# Homework Help: How to find the angle between an XYZ vector and the y-axis? Please help

1. Feb 4, 2010

### ian_spurlock

1. The problem statement, all variables and given/known data

A vector is given as follows:

A = 2i - 2j - 3k

The angle between A and the y-axis is, in degrees, closest to?:

90
119
151
61
29

2. Relevant equations

c = ab sin$$\theta$$ ????

3. The attempt at a solution

I tried:

cos$$\theta$$ = (AdotB)/(A x B)

I tried to set a vector along the y-axis to use as B.

Isolating $$\theta$$ yielded 56.3 degrees, which is apparently incorrect.

2. Feb 4, 2010

### Staff: Mentor

Maybe try using the cross-product instead of the dot-product...

3. Feb 4, 2010

### ian_spurlock

To be honest, I don't know what formula to use and I don't even know if I can use the y-axis as a vector.

I don't want the answer... I just want to know where to start and what procedure I should use.

I'm pretty confused.

4. Feb 4, 2010

### vela

Staff Emeritus

You're just mixing up the dot product and the cross product.
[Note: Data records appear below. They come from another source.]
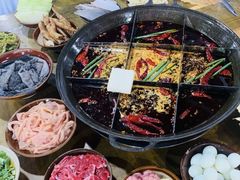 -正南齊北重庆老火锅(光华村直营店)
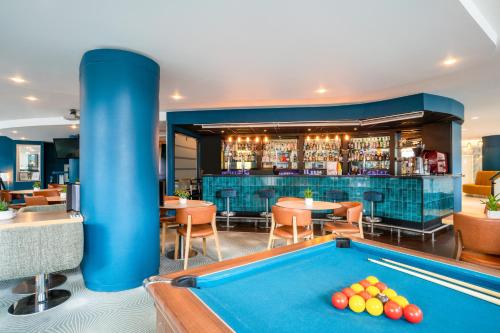 Salle de billard Cannes : billard américain, 8 pool - Warm'up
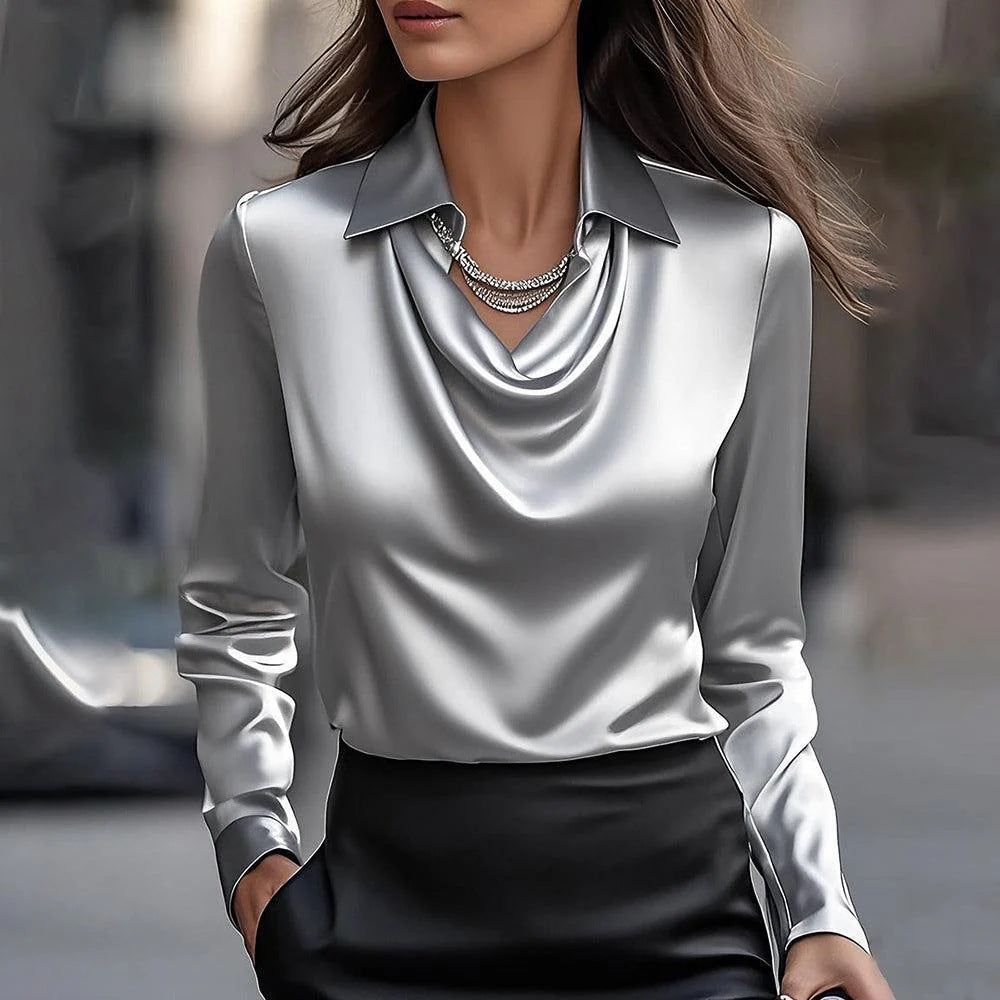 Mathilde™ | Elegant Skinnende Bluse med Plisseret Krave – Chic & Tidløs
You should have

$$\vec{A}\cdot\vec{B} = |A||B|\cos \theta$$
$$|\vec{A}\times\vec{B}| = |A||B|\sin \theta$$

You can use either to find the angle $\theta$.

5. Feb 4, 2010

### Staff: Mentor

The unit vector in the direction of the y-axis is the j vector. Do you know the equation for the vector cross-product? How could you perhaps use it to find the angle?

6. Feb 4, 2010

### ian_spurlock

Well like vela posted the cross-product formula is LaTeX Code: $$|\vec{A} X \vec{B}| = |A||B|sin \theta$$

But I only have a vector A? Or can I use components of vector A in that formula?

Last edited by a moderator: Feb 4, 2010
7. Feb 4, 2010

### Staff: Mentor

I tried to clean up your latex -- hope I got it right.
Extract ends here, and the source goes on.